Yes, because it’s blended in quickly, it can be a little difficult to move with your fingers and might even cause a bit of “balling” on occasion, but it’s really not needed as the sponge does the job. Yes, it’s not so great on dry or thin skin and yes, it’s not for everyone (what is?)— but the non-user, or those who don’t like the finger or puff-blending process of traditional makeup, will find it a delight. Another plus is that retouch-ability is a breeze, which gets no mention in the ad. Packaging is unique/interruptive, obviously because of the roller applicator. A neat trick is showing the shade through the clear cover, yet providing a “mirror” for use in application. The bottom of the compact is metallized with a reflective surface. Kudos.
The headline does have news value and stopping power, but doesn’t target with emotion or create dissonance with her current product. Good targeting is the essence of stopping the reader and establishing engagement.

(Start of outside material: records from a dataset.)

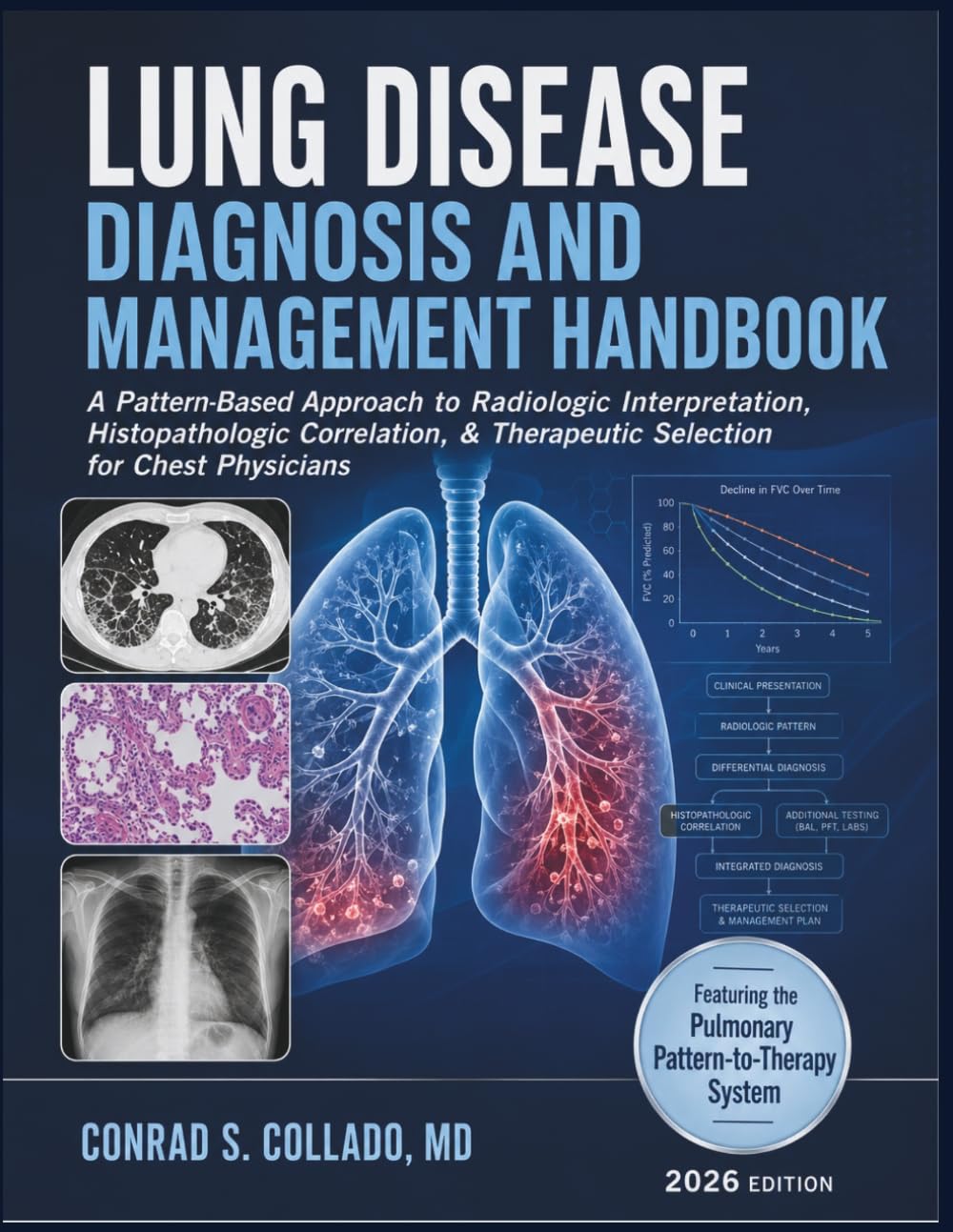 Lung Disease Diagnosis and Management Handbook: A Pattern-Based Approach to Radiologic Interpretation, Histopathologic Correlation, & Therapeutic Selection for Chest Physicians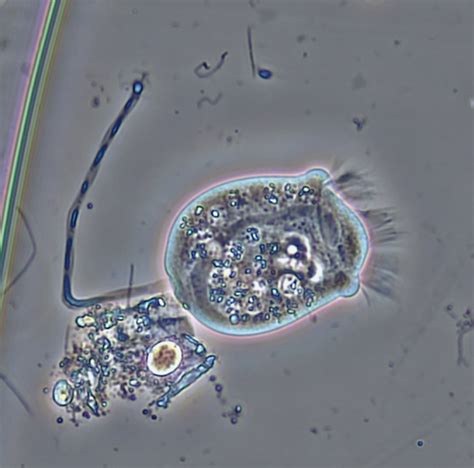 4 Main Groups Of Protozoa Owlcation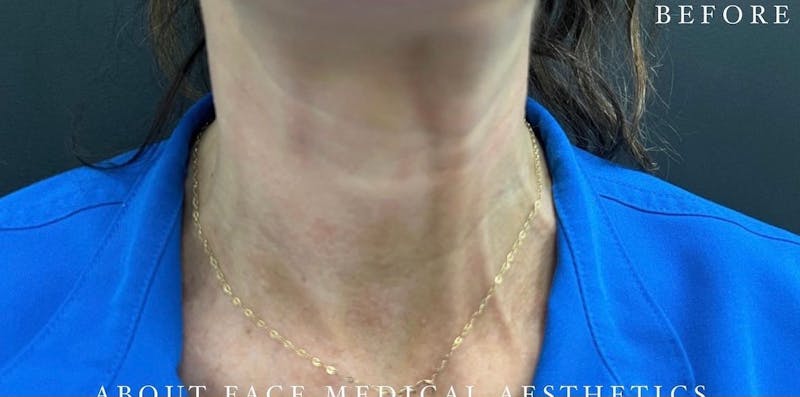 Botox Before & After Gallery - Patient 146209799 - Image 3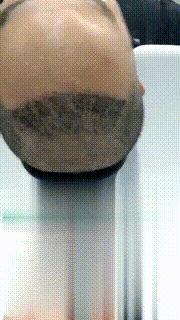 发际线分享社区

It is essential for your ad, in any category, to be as specific to the target market as possible. You want the reader to react, “they’re talking to me!” Whether real and/or emotional, the targeting headline must engage her with a direct appeal to her alone!
From the words in this headline, the target is foundation users who don’t get even coverage and who would understand the term “airbrush finish.” But that’s a too-narrow target and simply doesn’t do the product justice. Remember, whether she is basically satisfied with her existing makeup, or not a regular user, she needs a motivating end benefit that projects a beauty look beyond her current experience; i.e., the end-benefit, visual payoff,and, by inference, only with this makeup! The same could be said about the copy, which while descriptive and can’t be faulted for accuracy, just doesn’t create the consumer discovery experience.
A huge miss is directing the consumer to the product website (not the L’Oréal corporate site which takes forever to get you where you want to go), to see a video of delight, authority and conviction! A permission-to-buy coupon would be a nice touch to start the tidal wave. Hopefully, the bloggers will make up for the lack of touchy-feely in the ad.
Lastly, Consumer Appeal showed weakness for some of the same reasons, notably understanding of the consumers’ mindset and translating “airbrush” into perceivable new benefits for the mass consumer. Notwithstanding the less than wonderful advertising score (79.08, nearly effective), the product will overcome.